= Beginning of Section =

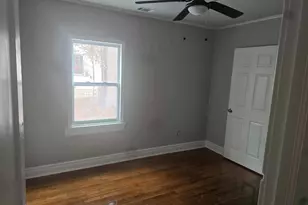 708 N Church St, Dublin, GA 31021 - Photo 4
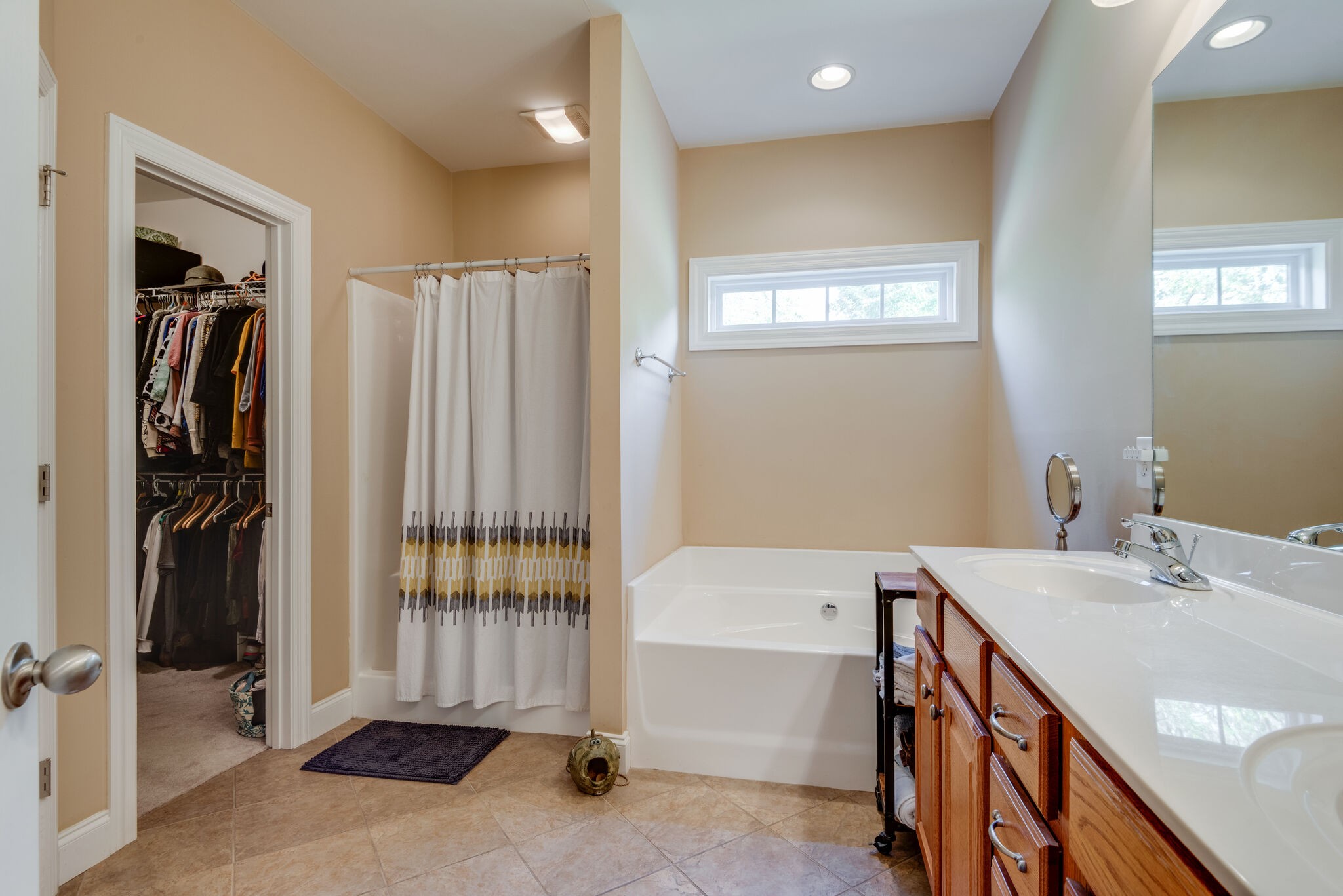 337 Conquest Road Murfreesboro, TN 37128 - Photo 19 of 23 Gallery Image 19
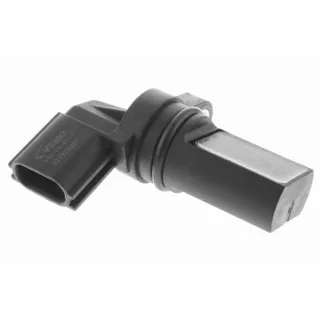 Vemo Sensor f?r Nockenwellenposit Nissan Pathfinder 3,5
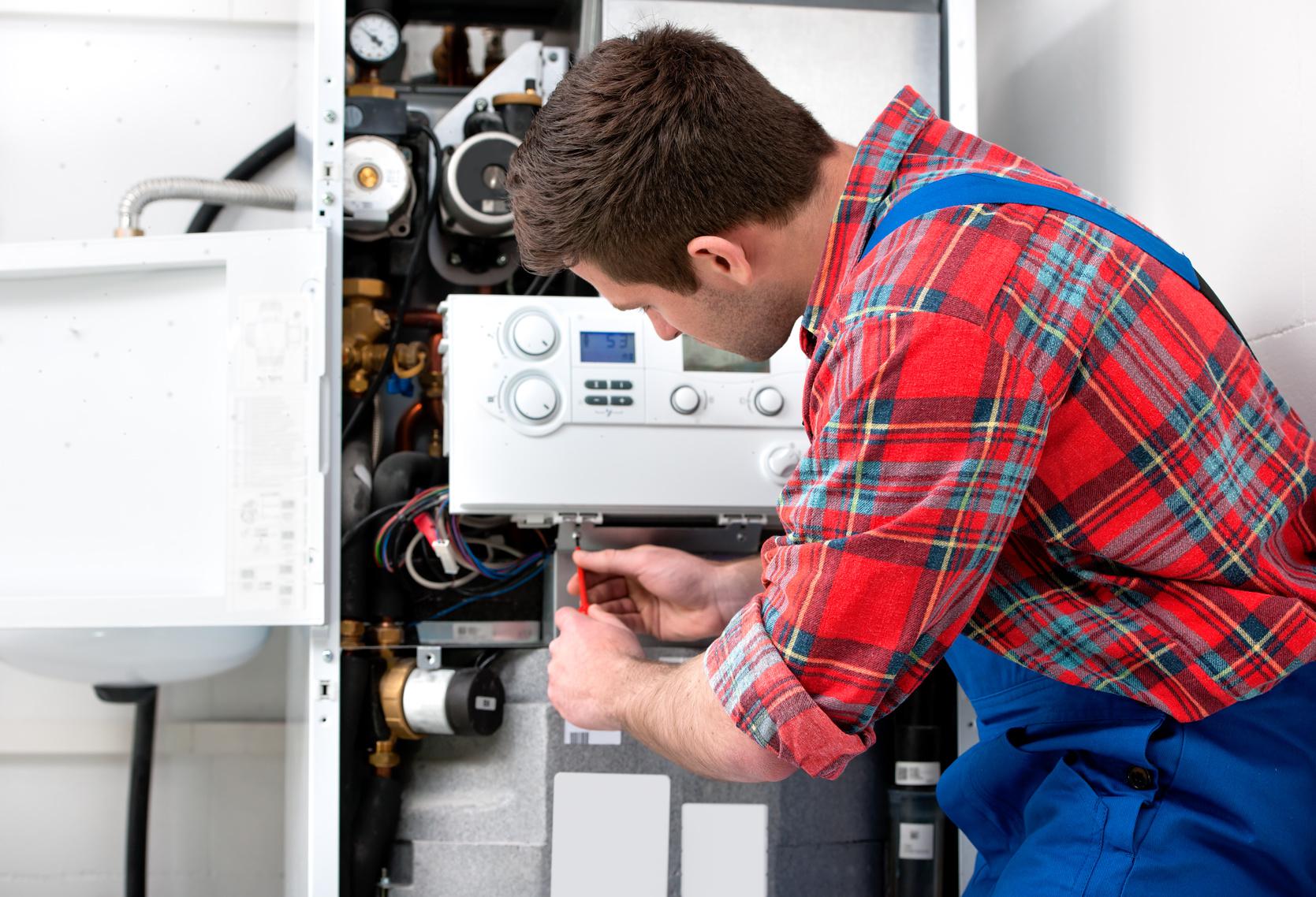 remplacement système de climatisation tarif Angerville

= End of Section =

### About this task
Repeat the material above in full and unchanged, minus its images.

### Solution to this problem
 708 N Church St, Dublin, GA 31021 - Photo 4
 337 Conquest Road Murfreesboro, TN 37128 - Photo 19 of 23 Gallery Image 19
 Vemo Sensor f?r Nockenwellenposit Nissan Pathfinder 3,5
 remplacement système de climatisation tarif Angerville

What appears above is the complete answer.